INCARCERATED former community development and social services minister Emerine Kabanshi has applied for bail pending appeal to the High Court against her two-year jail term.
On May 28, 2021, Kabanshi was convicted and sentenced to two years simple imprisonment by the Lusaka Magistrates’ Court on two charges of willful failure to comply with the law, applicable procedure or guidelines relating to procurement for the social cash transfer programme.
Lusaka chief resident magistrate Lameck Mwale said the circumstances under which the offences were committed were aggravating, particularly where the convict uncompromisingly insisted on re-engaging Zampost when it was clear that the vulnerable people who were the intended beneficiaries of the programme were not receiving the funds.

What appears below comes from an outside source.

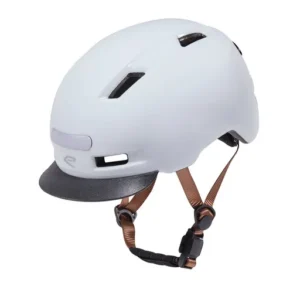 Urban helmet city style white visor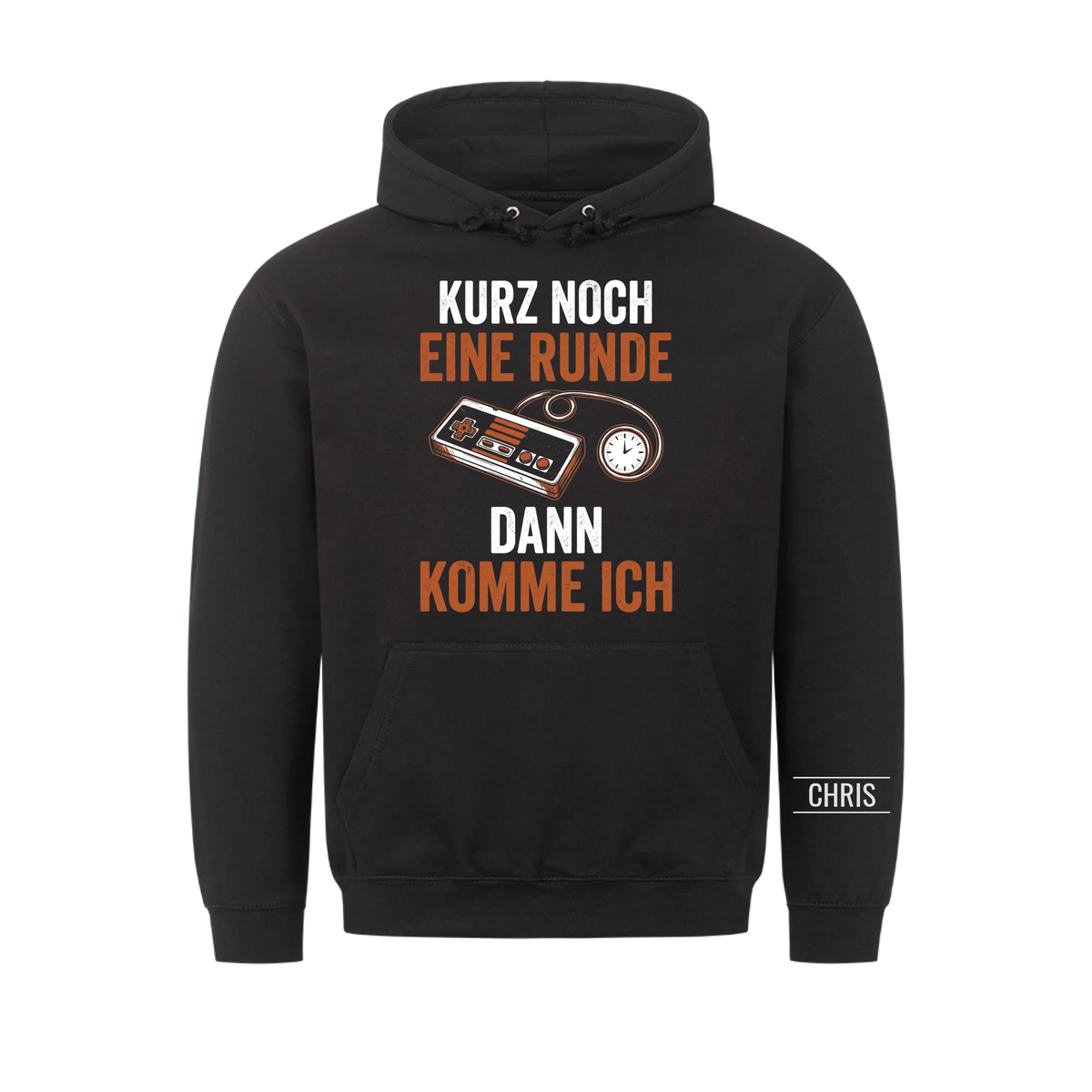 Kurz noch eine Runde dann komme ich - Lustiges Geschenk für Gamer & Gamerinnen - Personalisiertes Shirt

He ruled that what was further aggravating was that Kabanshi’s conduct in advancing her enterprise had some technocrats in the ministry retired in national interest when they meant well to the ministry.
Magistrate Mwale said day-to-day and supervisory functions of the ministry were the responsibility of the permanent secretary who was the controlling officer, however, ministers were constitutionally responsible and answerable to the President for the overall supervision, administration and management of the ministry.
He said the convict’s orders to reinstate Zampost’s contract were to be carried out immediately.
The court said even if one argues that the directives were to be carried in compliance with the law, there was no time for technocrats to follow the law and applicable procedure.
Kabanshi in her notice to appeal, said she intends to challenge her conviction and sentencing on three grounds of appeal and would lodge in other grounds upon perusal of the judgment.
According to her grounds of appeal, Kabanshi said magistrate Mwale erred in law and fact when he found that her office was tasked with the management and administration of the Ministry of Community Development and Social Services.
She said the trial court erred in law and fact when it found her guilty in both counts against the weight of evidence on record.
Kabanshi further stated that magistrate Mwale erred in law and fact when he found that she willfully failed to comply with the law and applicable procedure or guidelines relating to procurement by extending the scope of coverage between Zampost and the ministry to include the provinces and two districts on the social cash transfer programme and re-engaging Zampost as the payment service provider for the social cash transfer programme after the contract was terminated.
And in an affidavit in support of summons for bail pending appeal, Kabanshi said she was dissatisfied with magistrate Mwale’s judgment and she intends to appeal to the High Court against her conviction and sentence.
She said her appeal had very high prospects of success and raises issues of public importance relating to the role of the minister in the current Constitution which ground was not yet touched by the court.
“I am desirous to attend to my appeal and to prosecute the same,” Kabanshi said. “Given the sentence that has been imposed, it is likely that I may serve a substantial part of the said sentence before my appeal is heard if I am not admitted to bail pending appeal.”
The convict said during trial, she was on bail and was compliant with the conditions set by the court.
Kabanshi said she was able to provide credible working sureties and to abide by any other conditions that the court might set in granting her bail pending appeal.
“My appeal in the High Court is meritorious with high prospects of success and my continued stay in prison may prejudice me to my detriment. This court has the competent jurisdiction to grant me bail pending appeal,” said Kabanshi.
Hearing of the bail application has been slated for June 3, 2021.